Ever had to dodge the crossfire between a CEO and chairman? If not, the case of John Williamson, finance chief of Payzone — a company borne out of a reverse takeover in December last year of UK ATM operator Cardpoint by Alphyra, an Irish e-payments group — will shed some light. Since he left the CFO post at Alphyra, Williamson has been caught in between Payzone’s CEO John Nagle — formerly CEO of Alphyra — and chairman Bob Thian — previously chairman of Cardpoint. Each alleges that the other was after control of the company, part of the long-running friction between the two.

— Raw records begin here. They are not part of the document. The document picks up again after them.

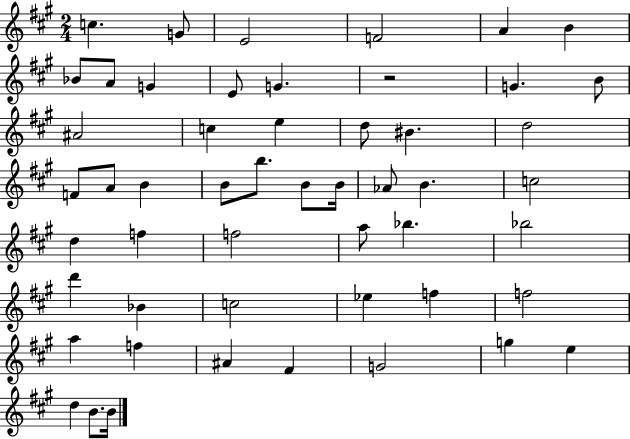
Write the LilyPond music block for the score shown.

{
  \clef treble
  \numericTimeSignature
  \time 2/4
  \key a \major
  c''4. g'8 | e'2 | f'2 | a'4 b'4 | \break bes'8 a'8 g'4 | e'8 g'4. | r2 | g'4. b'8 | \break ais'2 | c''4 e''4 | d''8 bis'4. | d''2 | \break f'8 a'8 b'4 | b'8 b''8. b'8 b'16 | aes'8 b'4. | c''2 | \break d''4 f''4 | f''2 | a''8 bes''4. | bes''2 | \break d'''4 bes'4 | c''2 | ees''4 f''4 | f''2 | \break a''4 f''4 | ais'4 fis'4 | g'2 | g''4 e''4 | \break d''4 b'8. b'16 | \bar "|."
}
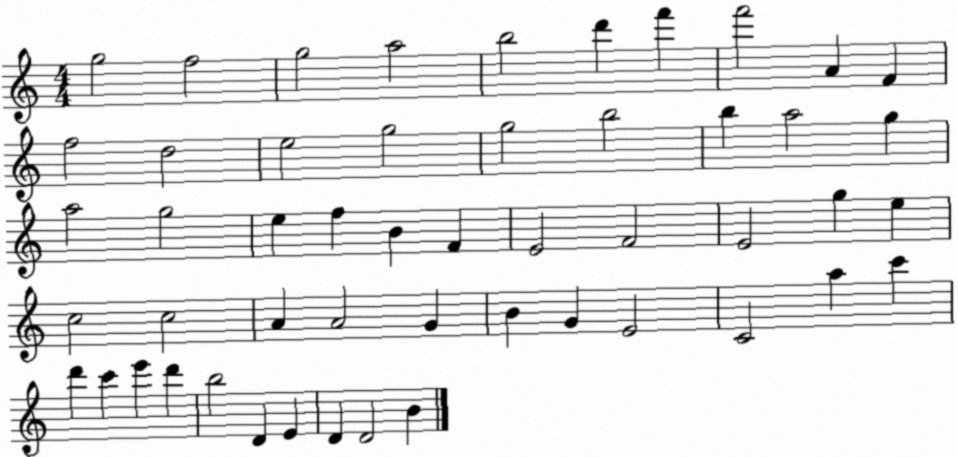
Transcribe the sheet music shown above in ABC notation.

X:1
T:Untitled
M:4/4
L:1/4
K:C
g2 f2 g2 a2 b2 d' f' f'2 A F f2 d2 e2 g2 g2 b2 b a2 g a2 g2 e f B F E2 F2 E2 g e c2 c2 A A2 G B G E2 C2 a c' d' c' e' d' b2 D E D D2 B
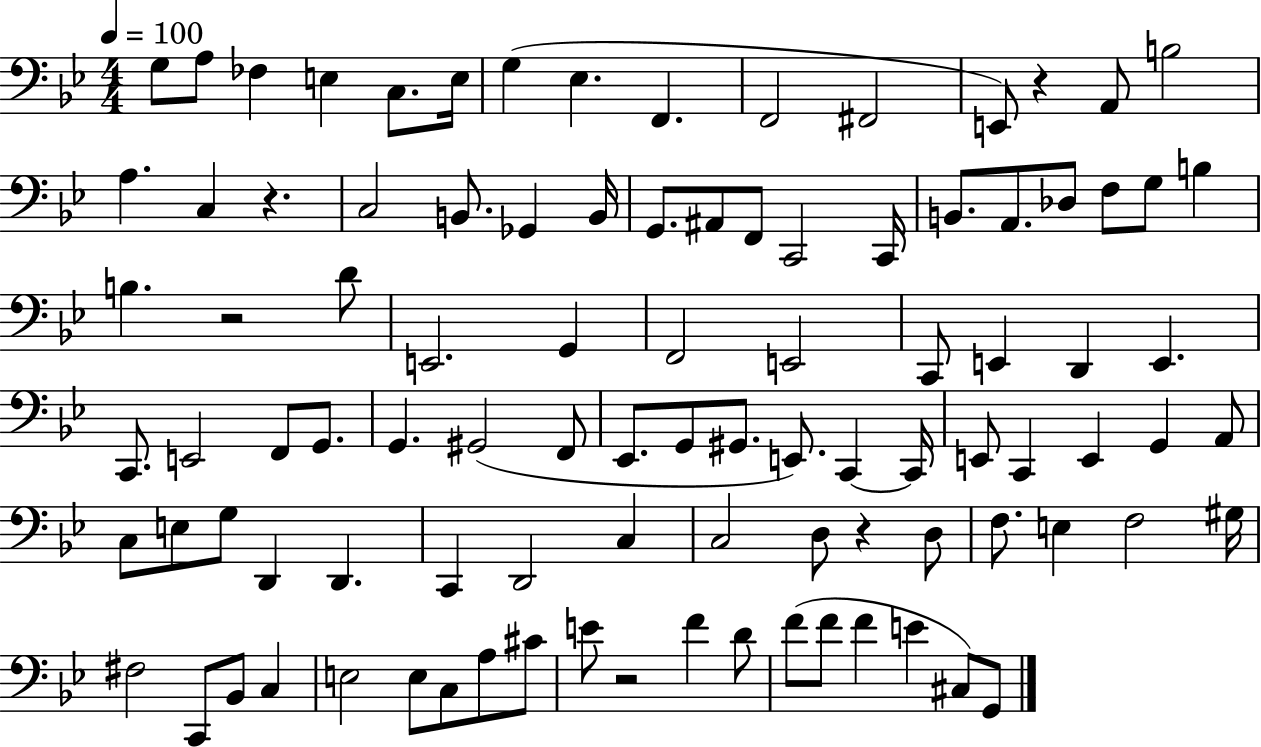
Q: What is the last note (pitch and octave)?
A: G2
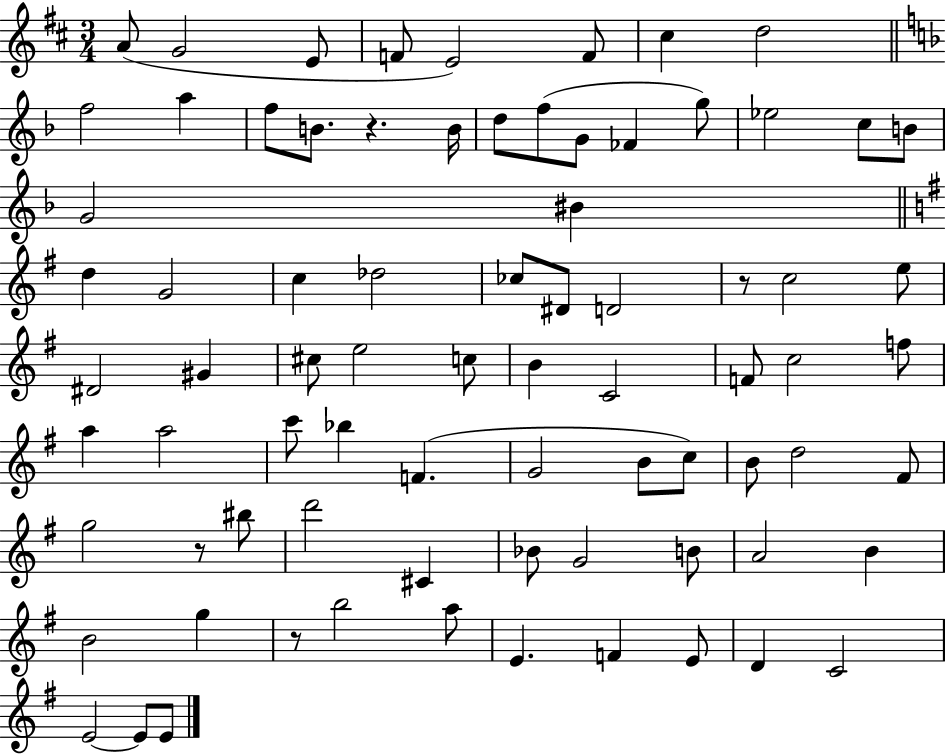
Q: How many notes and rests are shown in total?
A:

In a statement to shareholders, Nagle said that tensions took a turn for the worse when he learned that Cardpoint was reducing its earnings forecast from €29m to €22m, as a result of operational issues that had been going on for months before the merger. According to court papers, Nagle and Williamson refused to participate in an investor road show until the earnings shortfall was disclosed in a trading statement. It was also disclosed that Nagle wrote to Thian, allegedly accusing him of poor performance and asking him to “consider his position.”
After receiving the memo from Nagle on January 15th, Thian dispensed with any niceties. That evening both Nagle and Williamson received emails informing them that the board had agreed to terminate their employment.
The next day, Payzone released a statement announcing that Nagle and Williamson had left the company and that Thian would assume their responsibilities. Hours later, the CEO and CFO issued their own press release claiming that, contrary to the company’s statement, they would continue in their respective roles at Payzone.
Later that day, the two executives challenged their dismissals at the High Court in Dublin. The CEO claimed the chairman was pursuing a “personal agenda” to deflect attention from Cardpoint’s underperformance and to “transfer blame” to Nagle and Williamson. Their counsels claimed they were sacked because the letter “annoyed” Thian. But counsel for Payzone alleged the letter was written deliberately to provoke the chairman.
The judge ruled that the executives had been deprived of fair procedure and they returned to their posts. But on March 10th the company held an EGM at which more than 80% of shareholders passed a resolution for their dismissal.